“53rd Street” reflects techniques I have developed over many years in my attempts to embrace, capture and convey musical worlds which are close to my heart and relate to important events in my life. My interpretation is linked to the authenticity of this approach that mixes jazz, children’s songs, Yiddish themes and my own compositions.
Why children songs?
As an educator teaching very young children, I have learned from them the ability to handle mistakes and the meaning of action: “to do is to succeed”…
A child is not an adult in the making but a fully fledged being, with an approach to life that adults would do well to emulate. These songs are a tribute to childhood; to those little improvisers who believe, rightly, they can do what they like and who always surprise me with their constant musical turnarounds.

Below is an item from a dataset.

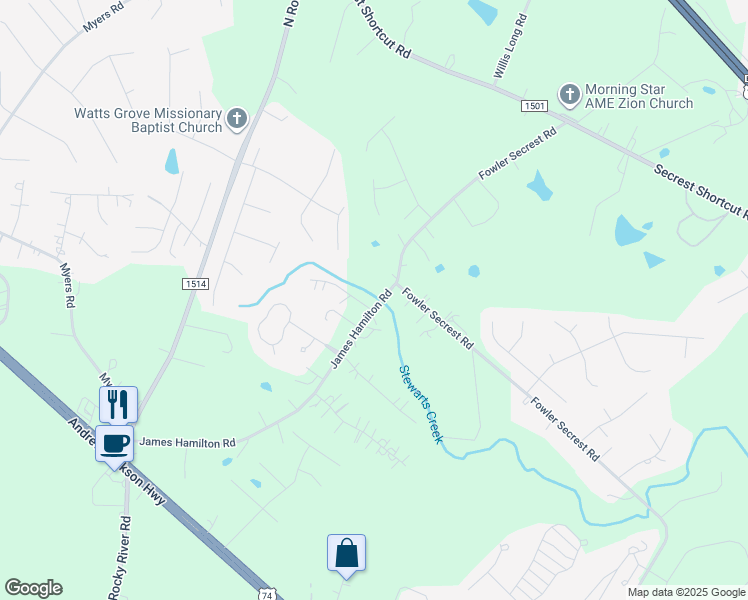 map of restaurants, bars, coffee shops, grocery stores, and more near 3014 James Hamilton Road in Monroe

They are the ones who really taught me the art of surprise, of rupture and improvisation…
Why jazz?
Jazz is for me the music of rebirth, or real awakening to life. These are the standards that, as a 4-year-old, I used to listen to on the record player of my adoptive father, Max – “Uncle Music” who would definitely come into my life. After 4 years of darkness following the death of my father, jazz reassured me that life could be happy again. Through improvisation, jazz revealed to me that any man can reinvent himself by realizing dreams that beg to appear. To me, jazz means life and creation.
Yiddish music has the same properties as blues and Portuguese Fado. It expresses pain and the hope of a better life. This is music from the heart, deeply authentic.
It is also the music of my roots…
To realize this project as a duo, Gary Peacock was the ideal partner – a musician whose skills in listening and understanding the proposals made to him are considerable. Most importantly, he constantly responds with his own input and brings about the unexpected, opening spaces into which we can rush, like new horizons towards which the duo ascends continuously.